» **Provided information**
= Beginning of Section =
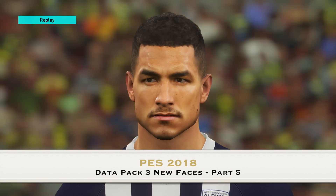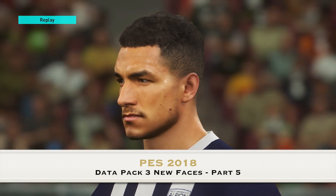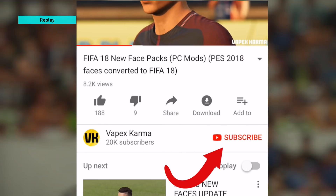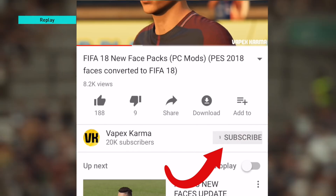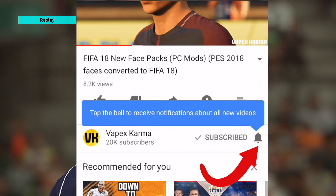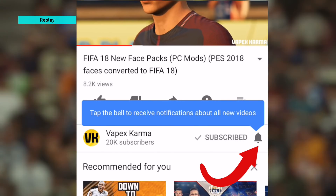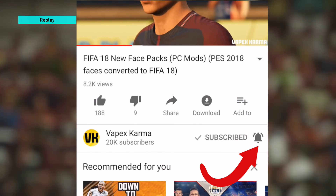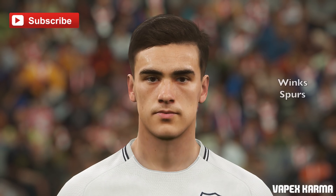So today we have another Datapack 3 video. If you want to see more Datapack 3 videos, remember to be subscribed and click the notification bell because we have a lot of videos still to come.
= End of Section =
= Beginning of Section =
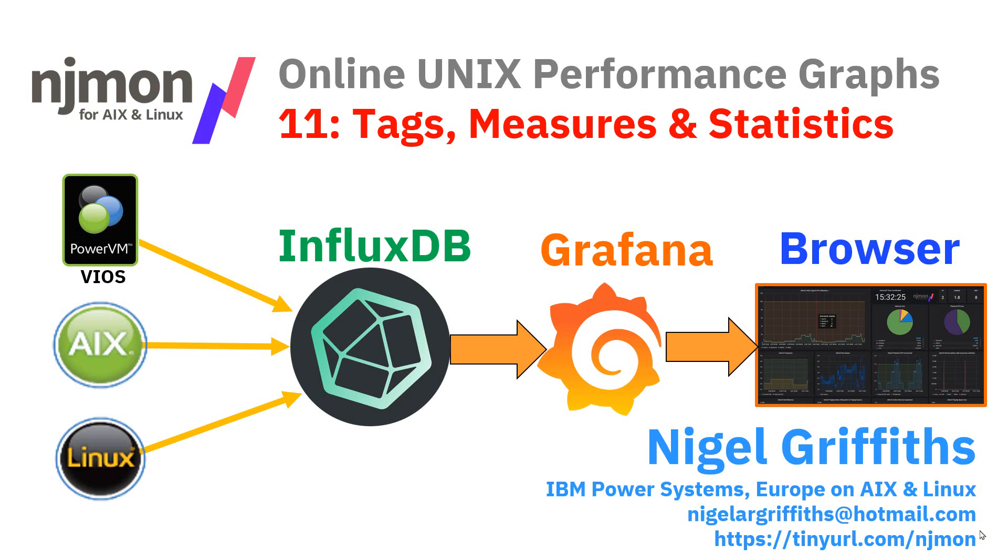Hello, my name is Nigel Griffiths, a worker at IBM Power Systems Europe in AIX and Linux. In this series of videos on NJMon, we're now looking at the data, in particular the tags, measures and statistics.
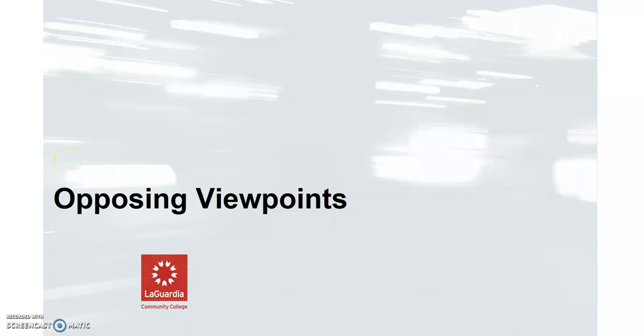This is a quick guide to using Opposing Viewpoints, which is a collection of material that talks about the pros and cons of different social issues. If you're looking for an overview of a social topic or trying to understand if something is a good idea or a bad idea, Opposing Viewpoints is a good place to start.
= End of Section =
= Beginning of Section =
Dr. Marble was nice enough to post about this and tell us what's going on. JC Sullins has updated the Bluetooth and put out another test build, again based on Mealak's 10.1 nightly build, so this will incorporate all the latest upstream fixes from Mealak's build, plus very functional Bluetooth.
= End of Section =
» **What is required**
Although the records above contain pictures, the copy must not; set down exactly the lines from the one with "Hello, my name" up to and including the one with "This is a quick".

» **Solution for this exercise**
Hello, my name is Nigel Griffiths, a worker at IBM Power Systems Europe in AIX and Linux. In this series of videos on NJMon, we're now looking at the data, in particular the tags, measures and statistics.
This is a quick guide to using Opposing Viewpoints, which is a collection of material that talks about the pros and cons of different social issues. If you're looking for an overview of a social topic or trying to understand if something is a good idea or a bad idea, Opposing Viewpoints is a good place to start.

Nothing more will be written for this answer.